### About this task
Look below for the line that contains "NCR Staff Sergeant" and the line that contains "Otorgan a Patrick", then restate both of them and every line in between, exactly. No picture goes in the copy.
Input material START
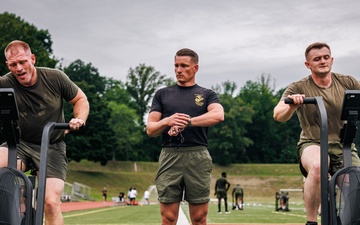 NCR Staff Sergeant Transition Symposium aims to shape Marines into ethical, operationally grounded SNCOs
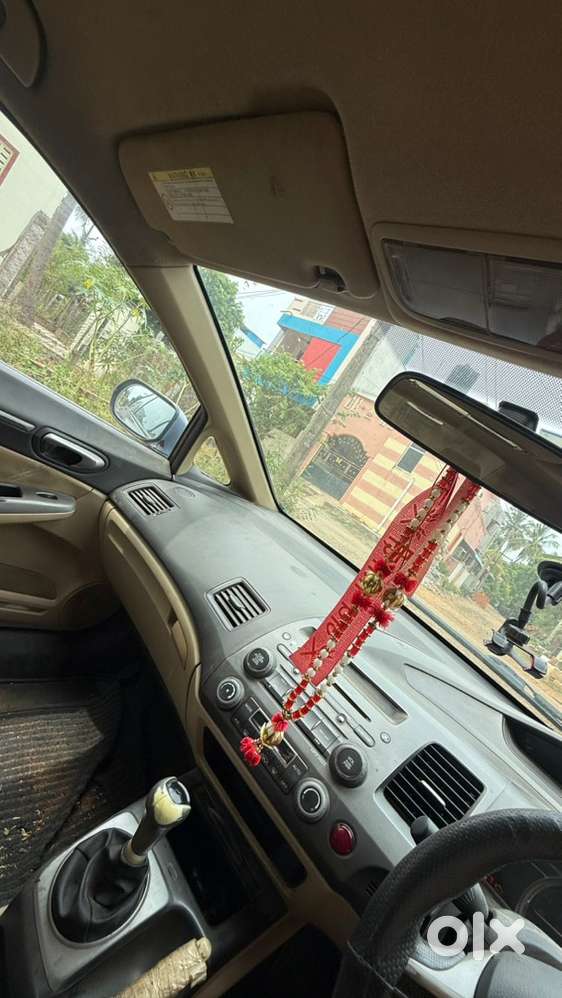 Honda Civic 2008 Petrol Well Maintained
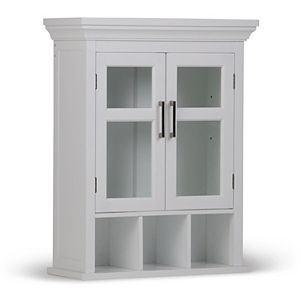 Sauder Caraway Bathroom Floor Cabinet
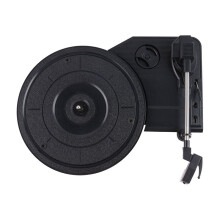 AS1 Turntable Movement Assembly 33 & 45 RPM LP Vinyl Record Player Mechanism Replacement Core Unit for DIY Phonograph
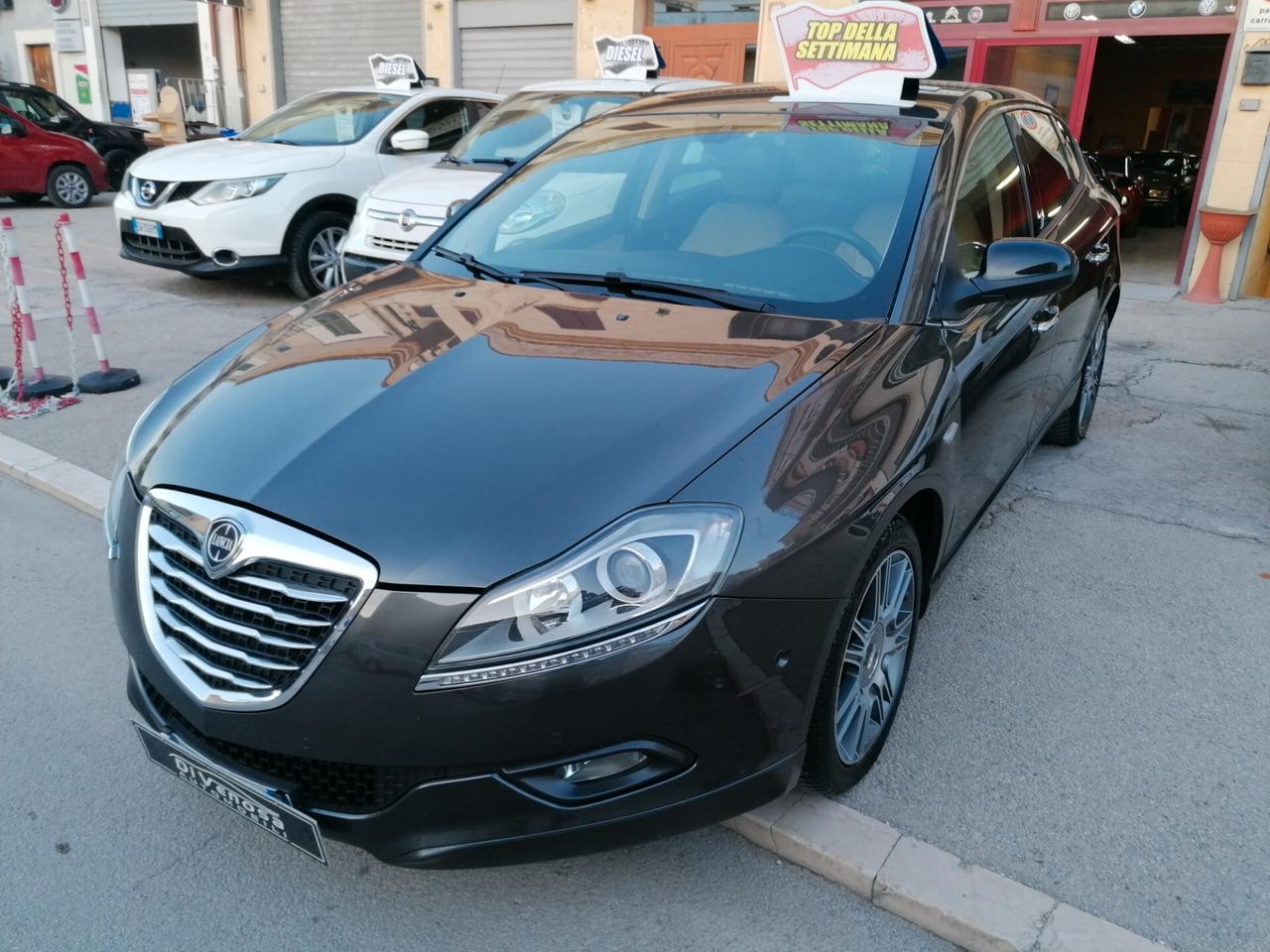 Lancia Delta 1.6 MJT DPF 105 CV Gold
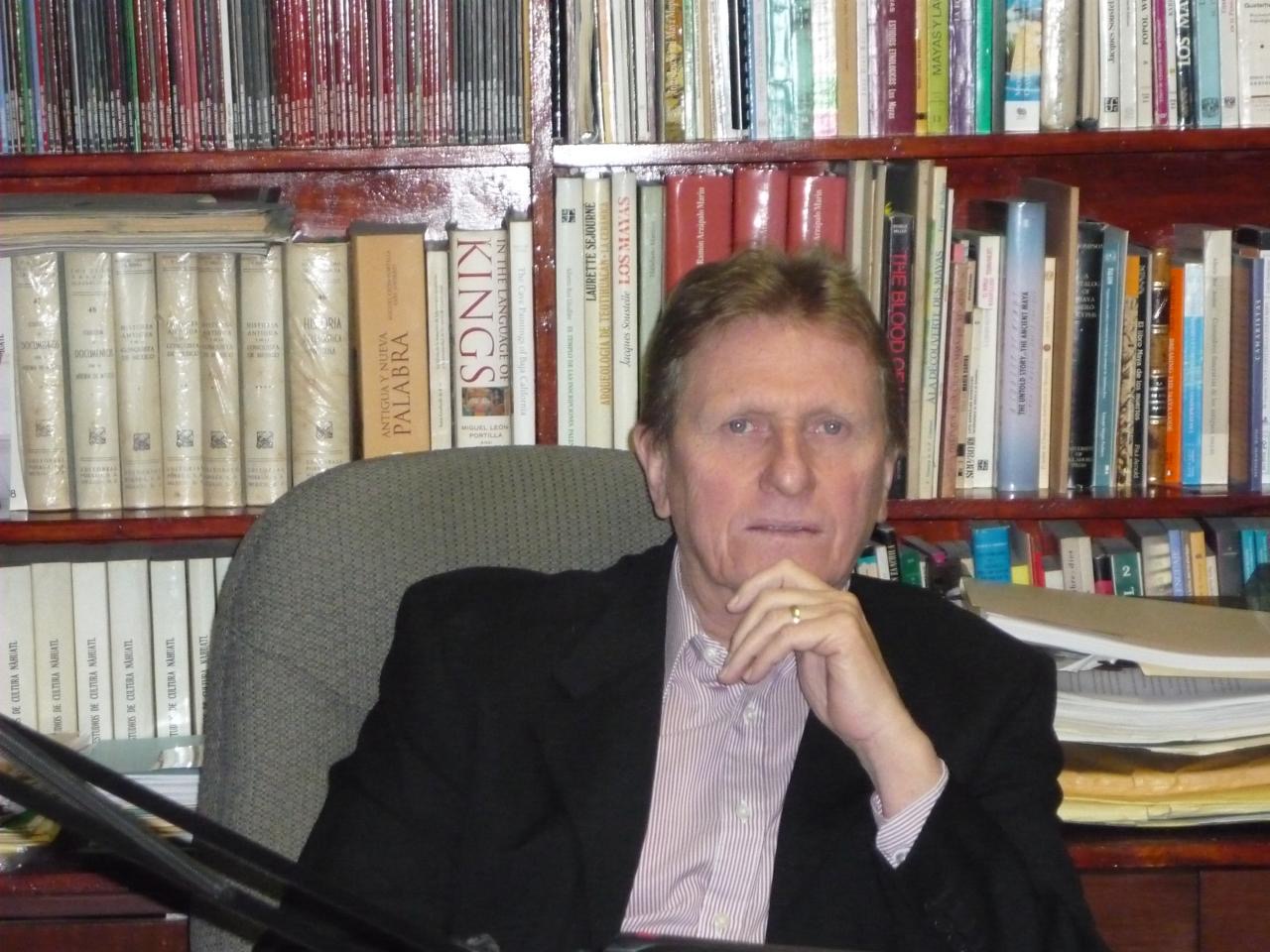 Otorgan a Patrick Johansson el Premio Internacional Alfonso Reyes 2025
Input material END
Input material START
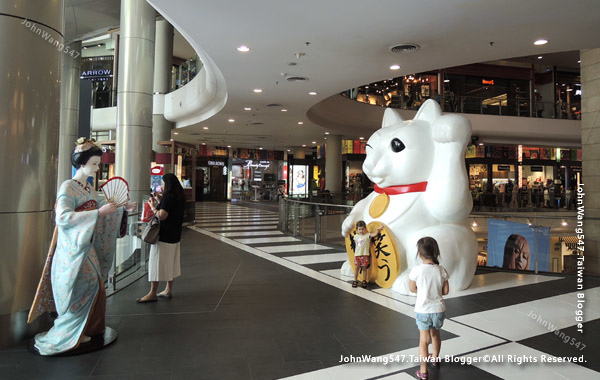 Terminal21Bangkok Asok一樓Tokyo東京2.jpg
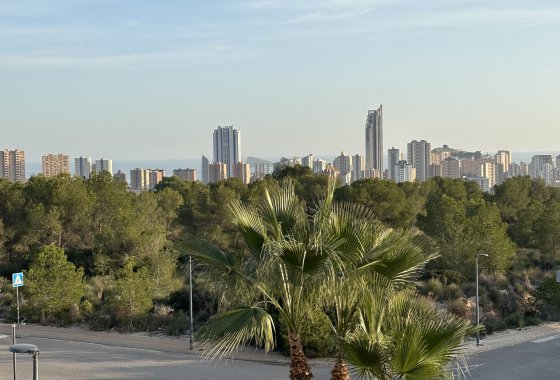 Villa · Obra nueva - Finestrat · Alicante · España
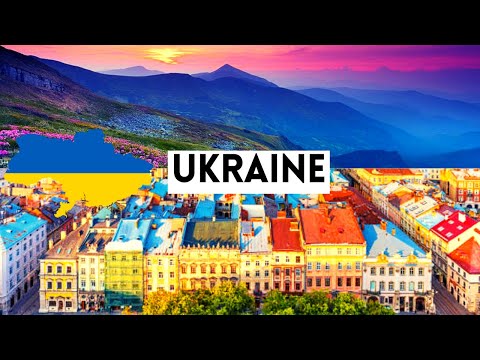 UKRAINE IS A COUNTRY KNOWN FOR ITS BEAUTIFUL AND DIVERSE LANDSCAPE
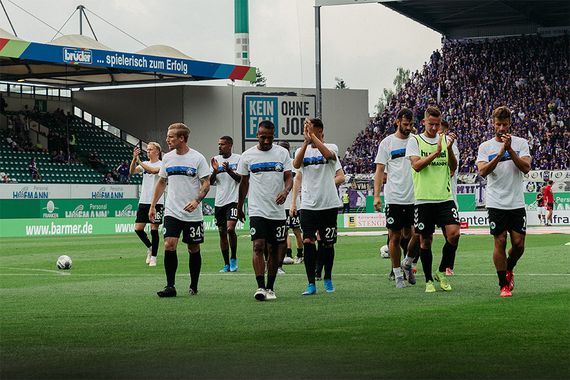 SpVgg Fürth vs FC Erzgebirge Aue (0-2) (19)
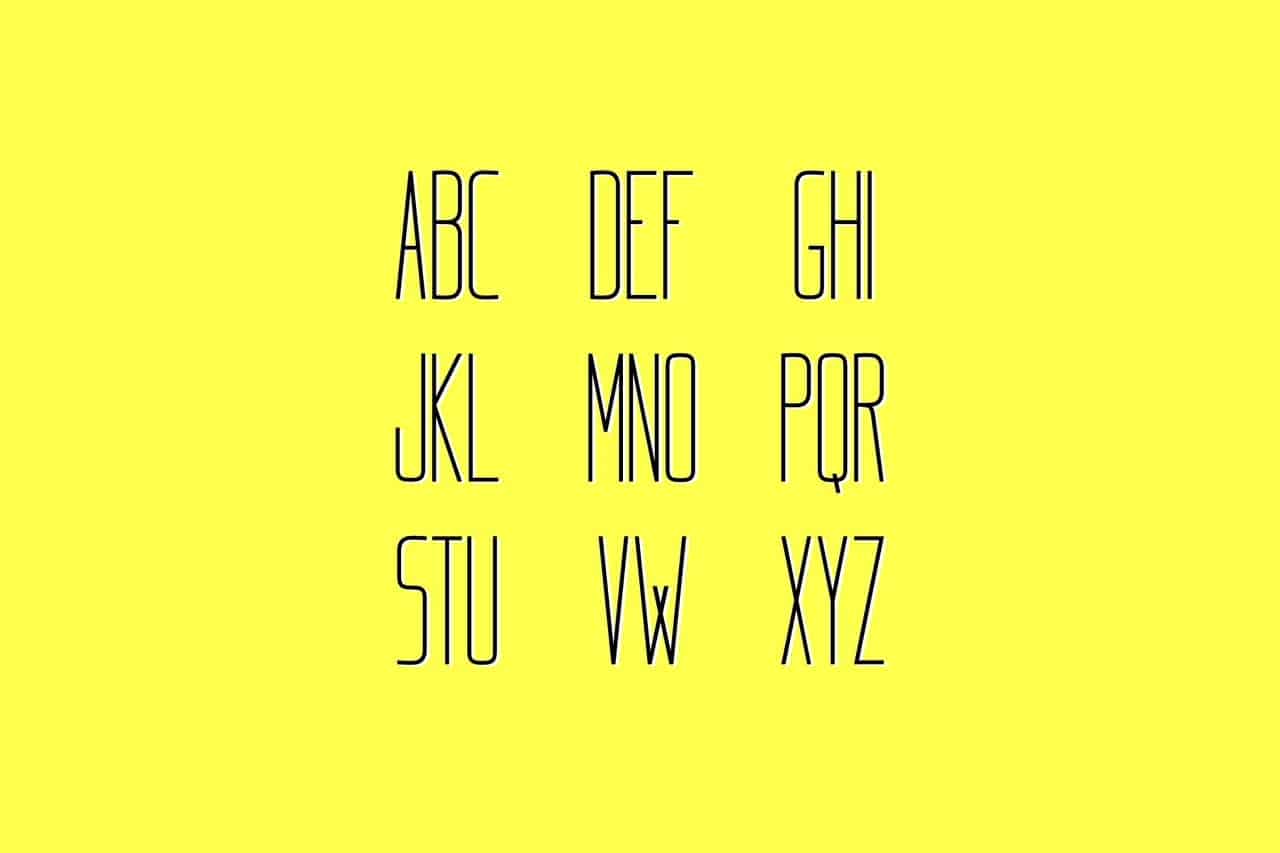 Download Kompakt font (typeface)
Input material END
### Reply
 NCR Staff Sergeant Transition Symposium aims to shape Marines into ethical, operationally grounded SNCOs
 Honda Civic 2008 Petrol Well Maintained
 Sauder Caraway Bathroom Floor Cabinet
 AS1 Turntable Movement Assembly 33 & 45 RPM LP Vinyl Record Player Mechanism Replacement Core Unit for DIY Phonograph
 Lancia Delta 1.6 MJT DPF 105 CV Gold
 Otorgan a Patrick Johansson el Premio Internacional Alfonso Reyes 2025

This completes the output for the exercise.